Cette coalition d’intérêts s’illustre parfaitement avec le partenariat noué entre l’État et la start-up Megvii, basée à Pékin : une entreprise en pointe dans le domaine de la reconnaissance faciale. À l’instar de SenseTime, la firme a accès aux données récoltées par le gouvernement : la photographie du visage de 700 millions de Chinois, âgés de plus de 16 ans et possédant une carte d’identité. Une mine d’or pour ses logiciels fondés sur l’intelligence artificielle, qui se perfectionnent précisément grâce aux données. En retour, l’État obtient, quant à lui, un outil de surveillance remarquablement efficace. Autre partenaire de choix, la société IsVision, basée à Shanghai, a développé une application mobile, elle aussi fondée sur la reconnaissance faciale, qui permet d’accélérer les contrôles d’identité effectués par la police. Une autre application de même nature a été développée pour les caméras de surveillance.

L’argument de l’État chinois est simple : la sécurité avant tout. La « précaution » même. Pékin souhaite rendre ses services de police et de renseignement intérieur proactifs. Mieux : le gouvernement veut « prévenir le crime ». Selon les termes même du vice-ministre des sciences et des technologies, Li Meng, le 21 juillet 2017 : « Si l’on utilise correctement nos systèmes intelligents et nos équipements intelligents, on peut savoir à l’avance… qui pourrait être un terroriste, qui pourrait faire quelque chose de mal. » Agir avant que les crimes ne soient commis, grâce aux applications prédictives de l’intelligence artificielle. Le programme est tracé.

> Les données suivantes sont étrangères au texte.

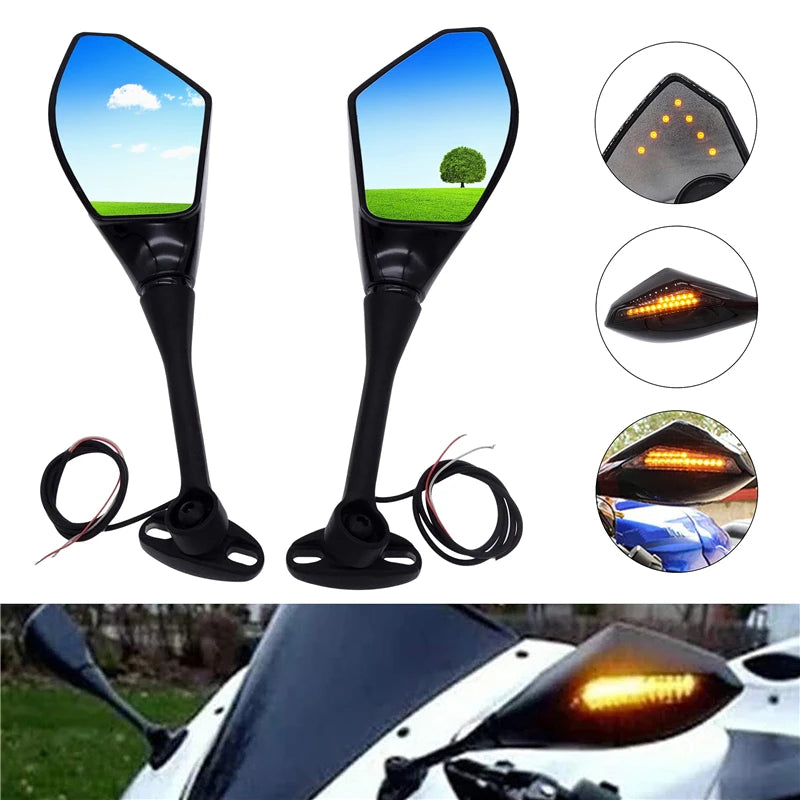 Motorcycle Mirror With Indicator Repeater Turn Signal LED Light For Honda CBR 300 600 900 1000 RR Suzuki GSXR FZ1 FZ6 Triumph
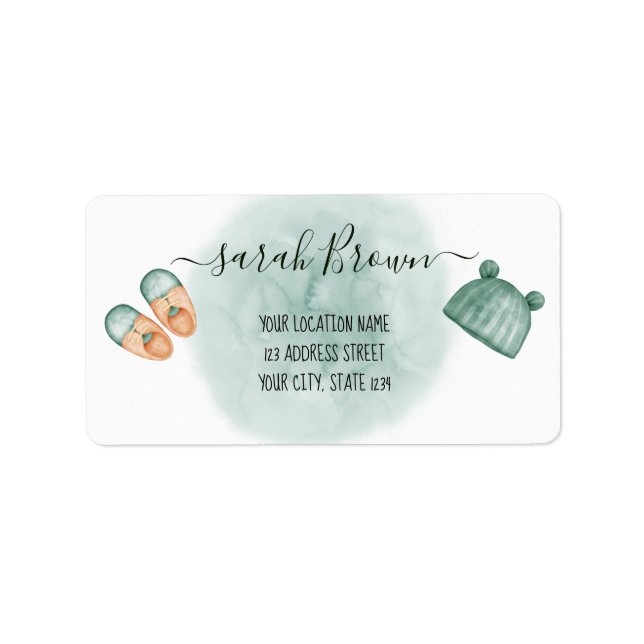 ELEGANT GRÖNT & ORANGE VATTENFÄRGSKABY SHOWER ADRESSETIKETT (Framsidan)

L’intelligence artificielle. Ce fut justement l’un des sujets abordés par Emmanuel Macron et Xi Jinping, lors de la visite du président français à Pékin. Le chef de l’État et son homologue chinois ont évoqué la mise en place d’un fonds d’investissement commun d’un milliard d’euros, pour développer la recherche et les applications industrielles dans le secteur. Est également envisagé un programme d’échanges devant permettre à vingt « talents » chinois et à vingt « talents » français d’acquérir les compétences développées dans le pays partenaire. Dans une interview, le président français a également souligné le besoin, pour le secteur IA français, de coopérer étroitement avec la Chine, afin d’« accélérer les levées de capitaux massives et (d’)avoir les investisseurs en France. » Et le président Macron d’ajouter qu’il faut « ouvrir aussi les données, de manière réciproque. » Ouvrir les données et coopérer avec un État qui utilise l’intelligence artificielle à des fins autoritaires : cela demande réflexion.